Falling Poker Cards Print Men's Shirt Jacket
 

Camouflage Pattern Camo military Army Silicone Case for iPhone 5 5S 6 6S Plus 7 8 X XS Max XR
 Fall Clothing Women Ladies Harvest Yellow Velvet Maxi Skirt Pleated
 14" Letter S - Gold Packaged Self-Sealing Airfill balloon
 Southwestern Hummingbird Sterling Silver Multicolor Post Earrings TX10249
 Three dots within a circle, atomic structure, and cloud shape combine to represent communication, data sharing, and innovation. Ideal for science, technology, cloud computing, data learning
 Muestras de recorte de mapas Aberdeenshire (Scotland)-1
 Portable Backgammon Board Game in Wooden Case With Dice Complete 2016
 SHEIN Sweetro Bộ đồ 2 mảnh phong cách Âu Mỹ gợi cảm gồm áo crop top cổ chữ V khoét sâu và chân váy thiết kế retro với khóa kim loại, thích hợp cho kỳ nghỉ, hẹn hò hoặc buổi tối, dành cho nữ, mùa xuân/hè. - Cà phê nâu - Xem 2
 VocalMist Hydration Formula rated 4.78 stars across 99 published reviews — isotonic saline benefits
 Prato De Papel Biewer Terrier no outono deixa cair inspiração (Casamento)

* Exercise: Retype the entries above exactly as they appear.

* Answer section:
Falling Poker Cards Print Men's Shirt Jacket
 

Camouflage Pattern Camo military Army Silicone Case for iPhone 5 5S 6 6S Plus 7 8 X XS Max XR
 Fall Clothing Women Ladies Harvest Yellow Velvet Maxi Skirt Pleated
 14" Letter S - Gold Packaged Self-Sealing Airfill balloon
 Southwestern Hummingbird Sterling Silver Multicolor Post Earrings TX10249
 Three dots within a circle, atomic structure, and cloud shape combine to represent communication, data sharing, and innovation. Ideal for science, technology, cloud computing, data learning
 Muestras de recorte de mapas Aberdeenshire (Scotland)-1
 Portable Backgammon Board Game in Wooden Case With Dice Complete 2016
 SHEIN Sweetro Bộ đồ 2 mảnh phong cách Âu Mỹ gợi cảm gồm áo crop top cổ chữ V khoét sâu và chân váy thiết kế retro với khóa kim loại, thích hợp cho kỳ nghỉ, hẹn hò hoặc buổi tối, dành cho nữ, mùa xuân/hè. - Cà phê nâu - Xem 2
 VocalMist Hydration Formula rated 4.78 stars across 99 published reviews — isotonic saline benefits
 Prato De Papel Biewer Terrier no outono deixa cair inspiração (Casamento)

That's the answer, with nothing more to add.